In essence, said Dr. Hugo Fernandez of the Moffitt Cancer Center and Research Institute in Tampa, Fla., the lead author on the U.S. study, the data suggest that oncologists have nothing to lose in using the high-dose regimen, 90 mg per square meter of body surface area compared to a standard 45 mg per square meter. That's because AML must be treated aggressively, yet it can take days for genetic analyses to come back from the lab.
"The bottom line is survival," Fernandez said. "We achieved it without great cost to the patients, and without any new fancy drugs, either. This wasn't reinventing the wheel; it was using the drugs optimally. We finally got the right dose."
In an editorial accompanying the two studies, Drs. Herv Dombret and Claude Gardin from Paris, wrote, "Do we have a new standard of care in AML? The lack of an increase in toxic effects and the benefit in overall survival strongly argue for incorporating high-dose daunorubicin into the initial treatment of younger patients with AML, at least for those with favorable- and intermediate-risk cytogenetic profiles, unless an increased rate of toxic effects is feared when high-dose daunorubicin is used in association with new agents, such as FLT3 inhibitors, currently in ongoing trials."
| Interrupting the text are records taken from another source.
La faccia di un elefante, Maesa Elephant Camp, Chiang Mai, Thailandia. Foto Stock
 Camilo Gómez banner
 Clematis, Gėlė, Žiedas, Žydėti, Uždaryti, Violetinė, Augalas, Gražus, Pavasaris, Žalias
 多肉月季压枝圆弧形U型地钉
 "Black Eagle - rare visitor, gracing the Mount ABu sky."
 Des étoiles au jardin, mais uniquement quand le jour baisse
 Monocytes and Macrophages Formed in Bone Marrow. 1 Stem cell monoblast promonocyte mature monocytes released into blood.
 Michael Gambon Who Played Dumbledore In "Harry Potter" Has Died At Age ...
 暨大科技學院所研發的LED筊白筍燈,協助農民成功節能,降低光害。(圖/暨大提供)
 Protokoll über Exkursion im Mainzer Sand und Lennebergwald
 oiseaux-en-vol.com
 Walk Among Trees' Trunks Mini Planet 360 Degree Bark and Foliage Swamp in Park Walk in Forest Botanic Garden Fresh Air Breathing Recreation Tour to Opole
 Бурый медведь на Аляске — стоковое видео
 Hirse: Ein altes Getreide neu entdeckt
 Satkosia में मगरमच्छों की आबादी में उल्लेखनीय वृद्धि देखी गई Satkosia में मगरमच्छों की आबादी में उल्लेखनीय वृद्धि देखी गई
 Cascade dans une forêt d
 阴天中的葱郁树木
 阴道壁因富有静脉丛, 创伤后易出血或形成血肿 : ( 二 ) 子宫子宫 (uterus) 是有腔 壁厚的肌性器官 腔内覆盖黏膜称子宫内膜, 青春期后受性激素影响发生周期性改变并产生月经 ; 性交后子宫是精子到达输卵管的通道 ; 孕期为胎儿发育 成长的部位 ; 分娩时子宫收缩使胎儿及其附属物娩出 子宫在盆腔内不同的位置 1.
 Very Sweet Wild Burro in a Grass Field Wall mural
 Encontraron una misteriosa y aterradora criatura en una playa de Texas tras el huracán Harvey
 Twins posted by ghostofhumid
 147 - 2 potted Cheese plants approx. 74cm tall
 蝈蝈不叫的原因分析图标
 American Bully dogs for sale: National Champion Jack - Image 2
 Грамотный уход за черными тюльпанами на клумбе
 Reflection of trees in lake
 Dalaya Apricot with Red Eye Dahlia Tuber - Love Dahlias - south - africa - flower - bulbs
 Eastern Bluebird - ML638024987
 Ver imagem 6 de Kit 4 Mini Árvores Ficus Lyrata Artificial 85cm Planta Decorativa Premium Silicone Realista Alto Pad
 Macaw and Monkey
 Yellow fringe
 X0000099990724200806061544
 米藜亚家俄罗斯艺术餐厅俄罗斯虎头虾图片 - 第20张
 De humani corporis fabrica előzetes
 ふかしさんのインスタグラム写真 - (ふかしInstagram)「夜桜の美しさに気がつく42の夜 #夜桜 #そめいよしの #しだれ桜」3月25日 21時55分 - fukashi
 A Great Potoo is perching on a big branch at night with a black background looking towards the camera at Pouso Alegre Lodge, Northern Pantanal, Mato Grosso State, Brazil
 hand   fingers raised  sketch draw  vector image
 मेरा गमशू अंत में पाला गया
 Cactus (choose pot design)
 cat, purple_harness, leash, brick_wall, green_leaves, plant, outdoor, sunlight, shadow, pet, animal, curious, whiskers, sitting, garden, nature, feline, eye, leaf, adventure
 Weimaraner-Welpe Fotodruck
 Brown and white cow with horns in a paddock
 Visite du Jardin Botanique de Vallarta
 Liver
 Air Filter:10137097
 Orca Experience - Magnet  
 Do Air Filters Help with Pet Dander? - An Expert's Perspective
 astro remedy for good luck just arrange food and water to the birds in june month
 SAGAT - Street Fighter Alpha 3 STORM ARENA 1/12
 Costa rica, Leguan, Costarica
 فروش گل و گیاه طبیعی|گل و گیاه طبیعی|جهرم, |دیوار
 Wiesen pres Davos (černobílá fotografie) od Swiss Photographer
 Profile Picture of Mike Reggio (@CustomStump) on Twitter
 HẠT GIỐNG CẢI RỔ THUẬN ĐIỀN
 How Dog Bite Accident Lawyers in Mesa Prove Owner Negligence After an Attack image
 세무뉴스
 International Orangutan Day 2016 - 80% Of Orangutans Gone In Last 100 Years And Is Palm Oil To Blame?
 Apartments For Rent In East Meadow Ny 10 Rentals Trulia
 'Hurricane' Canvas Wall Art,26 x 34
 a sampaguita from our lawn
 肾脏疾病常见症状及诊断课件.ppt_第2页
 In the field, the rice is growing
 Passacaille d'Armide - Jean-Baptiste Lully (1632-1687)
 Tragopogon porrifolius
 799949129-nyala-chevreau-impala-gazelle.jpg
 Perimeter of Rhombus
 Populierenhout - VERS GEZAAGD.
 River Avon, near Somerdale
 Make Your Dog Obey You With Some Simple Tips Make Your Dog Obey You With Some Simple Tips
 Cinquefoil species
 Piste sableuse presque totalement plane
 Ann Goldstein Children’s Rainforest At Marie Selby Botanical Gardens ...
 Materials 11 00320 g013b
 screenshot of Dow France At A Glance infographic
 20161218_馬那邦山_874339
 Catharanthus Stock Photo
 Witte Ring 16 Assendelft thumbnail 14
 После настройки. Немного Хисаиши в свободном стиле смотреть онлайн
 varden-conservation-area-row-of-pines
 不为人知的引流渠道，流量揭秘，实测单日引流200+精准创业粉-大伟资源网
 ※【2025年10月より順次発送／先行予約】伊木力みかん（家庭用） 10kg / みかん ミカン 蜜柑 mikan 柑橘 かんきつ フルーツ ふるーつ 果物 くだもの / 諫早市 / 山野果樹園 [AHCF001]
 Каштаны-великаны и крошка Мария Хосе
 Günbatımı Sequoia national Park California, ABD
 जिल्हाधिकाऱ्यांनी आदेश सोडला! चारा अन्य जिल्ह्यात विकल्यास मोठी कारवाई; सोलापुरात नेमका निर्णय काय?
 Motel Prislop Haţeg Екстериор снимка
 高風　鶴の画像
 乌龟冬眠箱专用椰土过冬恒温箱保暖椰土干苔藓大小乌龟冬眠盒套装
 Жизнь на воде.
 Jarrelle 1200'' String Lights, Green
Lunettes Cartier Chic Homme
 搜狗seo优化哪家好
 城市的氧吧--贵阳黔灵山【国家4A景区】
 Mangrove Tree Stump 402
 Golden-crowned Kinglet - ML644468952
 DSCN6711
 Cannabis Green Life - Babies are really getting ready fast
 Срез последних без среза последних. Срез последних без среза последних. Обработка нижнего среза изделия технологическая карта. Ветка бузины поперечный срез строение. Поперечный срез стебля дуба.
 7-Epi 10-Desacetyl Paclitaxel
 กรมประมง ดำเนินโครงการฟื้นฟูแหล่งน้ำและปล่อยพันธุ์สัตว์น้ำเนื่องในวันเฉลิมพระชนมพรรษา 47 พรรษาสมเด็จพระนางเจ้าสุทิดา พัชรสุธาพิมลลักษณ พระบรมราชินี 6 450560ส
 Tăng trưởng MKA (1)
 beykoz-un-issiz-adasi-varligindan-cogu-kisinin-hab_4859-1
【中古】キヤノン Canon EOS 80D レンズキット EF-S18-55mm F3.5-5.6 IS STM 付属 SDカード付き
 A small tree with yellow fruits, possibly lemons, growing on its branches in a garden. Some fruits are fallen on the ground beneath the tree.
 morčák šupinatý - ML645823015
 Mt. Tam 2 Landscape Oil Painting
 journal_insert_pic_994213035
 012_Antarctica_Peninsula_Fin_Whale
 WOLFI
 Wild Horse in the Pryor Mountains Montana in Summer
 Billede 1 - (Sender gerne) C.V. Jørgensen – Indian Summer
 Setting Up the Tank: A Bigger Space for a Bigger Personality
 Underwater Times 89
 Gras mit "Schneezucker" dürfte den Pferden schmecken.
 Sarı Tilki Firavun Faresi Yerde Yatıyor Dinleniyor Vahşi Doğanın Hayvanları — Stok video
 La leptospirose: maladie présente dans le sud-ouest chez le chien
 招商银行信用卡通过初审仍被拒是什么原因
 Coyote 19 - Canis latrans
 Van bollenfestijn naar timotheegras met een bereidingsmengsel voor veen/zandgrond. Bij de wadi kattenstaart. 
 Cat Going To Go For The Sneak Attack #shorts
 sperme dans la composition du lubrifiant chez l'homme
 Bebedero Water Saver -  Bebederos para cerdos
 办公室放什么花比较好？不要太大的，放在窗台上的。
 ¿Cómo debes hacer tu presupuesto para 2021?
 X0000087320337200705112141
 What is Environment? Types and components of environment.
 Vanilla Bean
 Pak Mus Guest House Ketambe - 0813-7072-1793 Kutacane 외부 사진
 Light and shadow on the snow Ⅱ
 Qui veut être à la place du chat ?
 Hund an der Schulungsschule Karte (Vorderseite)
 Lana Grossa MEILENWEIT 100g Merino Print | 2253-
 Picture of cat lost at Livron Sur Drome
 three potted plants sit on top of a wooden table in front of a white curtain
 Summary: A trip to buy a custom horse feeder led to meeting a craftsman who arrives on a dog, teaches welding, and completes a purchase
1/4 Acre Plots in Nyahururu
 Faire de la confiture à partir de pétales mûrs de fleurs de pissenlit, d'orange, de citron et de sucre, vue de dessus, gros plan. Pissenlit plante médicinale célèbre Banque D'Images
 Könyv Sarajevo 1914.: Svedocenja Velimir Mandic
According to the Leukemia & Lymphoma Society, 13,290 Americans were "expected to be diagnosed" with AML last year. Half of all AML patients are older than 65.
Treatment usually includes a so-called "7+3" induction regimen, in which patients are given cytarabine for seven days and daunorubicin (or a related drug, such as idarubicin) for three. The daunorubicin is typically administered at 45 mg per square meter of body surface area, yet anecdotal evidence suggested higher doses might be more effective, Fernandez said.
The two research teams set out to determine whether that was actually the case -- in patients younger than age 60 in the ECOG trial, or older than age 60 in the European trial.
Rates of complete remission and overall survival improved in both studies. Yet the effects were most pronounced when the researchers focused on specific subgroups, rather than the entire study population.
For instance, in the ECOG study overall, complete remission rates jumped from 57.3 percent for the standard treatment group, to 70.6 percent for the high-dose group, while median survival improved from 15.7 months to 23.7. For those patients younger than 50, survival improved from a median of 19 months, to 34.3 months. But no benefit was seen for patients 50 or older.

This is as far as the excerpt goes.